Wed, Dec 30, 2009 - Page 6 News List

Israeli, Egyptian leaders discuss peace efforts

CAIRO The talks were overshadowed by Israel’s announcement of a tender for 700 homes in East Jerusalem. Egyptians and Palestinians were critical


Palestinians take part in a protest near the border between the Gaza Strip and Egypt on Monday against Egypt’s construction of an underground steel barrier.


Israeli Prime Minister Benjamin Netanyahu arrived in Cairo on yesterday for talks with Egyptian President Hosni Mubarak on US efforts to revive stalled Middle East peace negotiations.

Netanyahu was expected to discuss negotiations to swap hundreds of Palestinian prisoners for an Israeli soldier who has been held in the Gaza Strip for three-and-a-half years.

Egypt and Germany have been mediating those talks. Israel has relayed its response to the latest swap proposal to Gaza’s militant Hamas leaders. Hamas has not yet delivered its response.

But the talks were overshadowed by Israel’s announcement that it had invited tenders for the construction of hundreds of new homes for Jewish settlers in annexed Arab east Jerusalem, which drew an angry rebuke from Egypt.

Egyptian Foreign Minister Ahmed Abul Gheit said that continued settlement construction by Israel in the occupied territories was “torpedoing the efforts being made to relaunch negotiations aimed at establishing a Palestinian state.”

“Such behavior raises questions about the serious willingness of Israel to reach a definitive agreement and leads one to believe that Israel is trying to welch on its obligations for a just and lasting peace,” he said in a statement carried by the official MENA news agency.

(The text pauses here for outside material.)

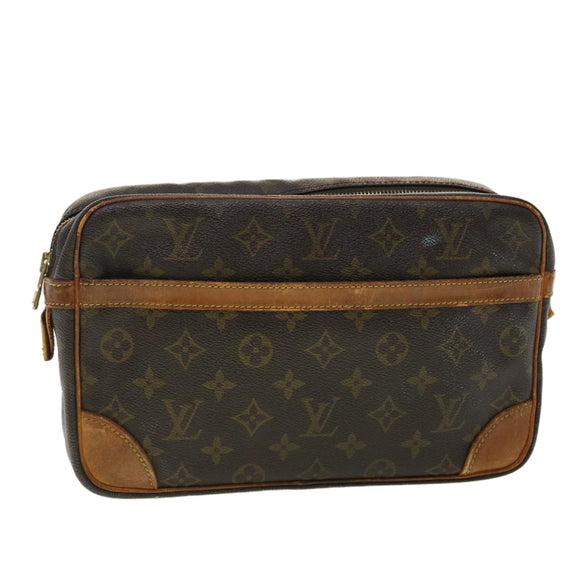 LOUIS VUITTON Monogram Compiegne 28 Clutch Tasche M51845 LV Auth 40466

The Israeli government plans to build 700 homes in three Jewish neighborhoods in East Jerusalem, defying requests from the international community and the Palestinian Authority to halt construction.

All three neighborhoods are considered illegal settlements under international law, although Israel does not accept this definition.

Israel announced a 10-month partial freeze on settlement activity last month, in response to international pressure, a move that Netanyahu described as a “far-reaching and painful step.”

However, the freeze does not include East Jerusalem, which was captured in the 1967 war, along with the West Bank and Gaza.

“From day one, we made a clear distinction between the West Bank and Jerusalem,” said Mark Regev, the Israeli government spokesman. “Jerusalem is our capital and will remain as such.”

Palestinians view East Jerusalem as the capital of their future state, and the Palestinian Authority to resume negotiations with Israel until it adheres to a complete halt on all settlement activity.

“We condemn this in the strongest possible terms,” said Saeb Erekat, the chief Palestinian negotiator. “We ask Israel, ‘if this is your moratorium, what is actual settlement activity?’”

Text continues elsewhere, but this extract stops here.